"A lot of times even changing teachers or grade levels can be dramatic for students," noted Scott County Central Elementary Counselor Mary Barron. "It's tougher work and behavior expectations are higher."
While parents often spend time getting their children ready for the first day, they mustn't forget to check with their kids after the school bell rings for the new year.
Kindergarten is always a hard time for students and parents, but students going from elementary school to junior high and from junior high to high school can also experience apprehension.
"In junior high and high school, students get all of the physical changes as well as deal with peer pressure and academic changes," Barron explained. "They've got more freedom, but not always the maturity to go along with having the responsibility to handle the new freedoms."

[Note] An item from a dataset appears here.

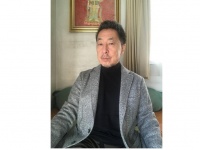 『「がんばらない」という智恵～自分でできる働き方改革～』（辰巳出版刊）の著者・元井康夫さん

Even students jumping from second to third grade have a difficult time adjusting, Barron pointed out.
"Part of it, for example, may be they're expected to do all of their work in cursive. It might not seem like a big deal to us but for them it's a huge deal," Barron said.
Establishing a good school routine is key to having a successful school year, Barron said.
"Maintaining a calm and positive attitude is really important and parents not overemphasizing going back to school is also important," said Barron.
Debbie Quertermous, middle school counselor for Charleston R-1, said she, too, thinks it's a good idea to stay in a routine during the school year.
"You should try as much as possible to stay in a routine and set a specific time for homework," Quertermous recommended. "It doesn't always have to be done right after school. Sometimes kids need a break. Maybe they work better after supper. It just depends on the individual student."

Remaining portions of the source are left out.